C. Has the CRA failed to provide salary protection in accordance with the collective agreement?
 I turn now to the merits of the grievances.
 The grievors’ arguments focused on two documents. The first is a memorandum of understanding (MOU) between PIPSC and the Treasury Board signed on July 21, 1982, concerning pay upon reclassification (“the PIPSC MOU”). The second document is the aforementioned Regulations, which is a document of the Treasury Board of Canada Secretariat dated November 1, 1991, but with an effective date of December 13, 1981.
 The PIPSC MOU is incorporated into the Audit, Financial and Scientific (AFS) Group collective agreement between the parties in effect at the time the grievances were filed (expiry date: December 21, 2014) by virtue of clause 44.06, which reads as follows:
44.06 This Article is subject to the memorandum of understanding signed by the Treasury Board Secretariat and the Professional Institute of the Public Service of Canada dated July 21, 1982 in respect of red-circled employees.
 Article 44 is titled “Pay Administration” and concerns how the employer administers pay. The identical wording of this provision is found in both previous and subsequent AFS collective agreements between the parties (expiry dates were and are December 21 of 2007, 2010, 2018, and 2022).

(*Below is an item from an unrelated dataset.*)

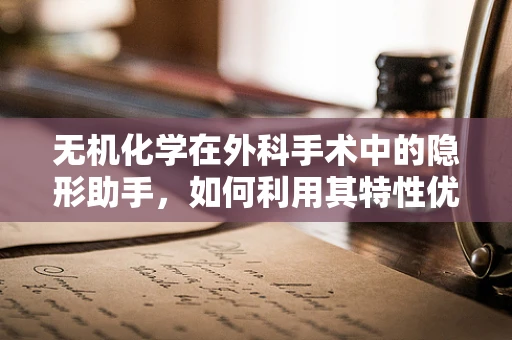 无机化学在外科手术中的隐形助手，如何利用其特性优化手术环境？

 Although clause 44.06 states that the PIPSC MOU is “in respect of red-circled employees”, in fact, the PIPSC MOU provides for salary protection. Its Part I applies to incumbents of positions that “… will be reclassified to a group and/or level having a lower attainable maximum rate of pay after the date this Memorandum of Understanding becomes effective.” The key provision at issue in this matter is paragraph 2 of Part I, which reads as follows:
2. Downward reclassification notwithstanding, an encumbered position shall be deemed to have retained for all purposes the former group and level. In respect to the pay of the incumbent, this may be cited as Salary Protection Status and subject to Section 3(b) below shall apply until the position is vacated or the attainable maximum of the reclassified level, as revised from time to time, becomes greater than that applicable, as revised from time to time, to the former classification level. Determination of the attainable maxima rates of pay shall be in accordance with the Retroactive Remuneration Regulations.
 A virtually identical MOU was entered into by PSAC and the Treasury Board and was dated February 9, 1982 (“the PSAC MOU”). It is also incorporated into the different collective agreements between PSAC and the CRA (see, for example, the one with the expiry date of October 31, 2021, at clause 63.05, reproduced at Appendix F). The wording of paragraph 2 of Part I of the PSAC MOU is identical to that of the PIPSC MOU.
 The employer argued that the PIPSC MOU does not apply to the grievors; it applies only to those employees who are reclassified from PIPSC groups. When the grievors were reclassified, they were in the PSAC bargaining unit, but they are no longer covered by a PSAC-CRA collective agreement. Following Janveau v. Canada (Attorney General), 2003 FC 1337, the grievors’ entitlement to salary protection flows only from the employer’s Regulations, which reside outside the collective agreement and therefore outside the Board’s jurisdiction, it said.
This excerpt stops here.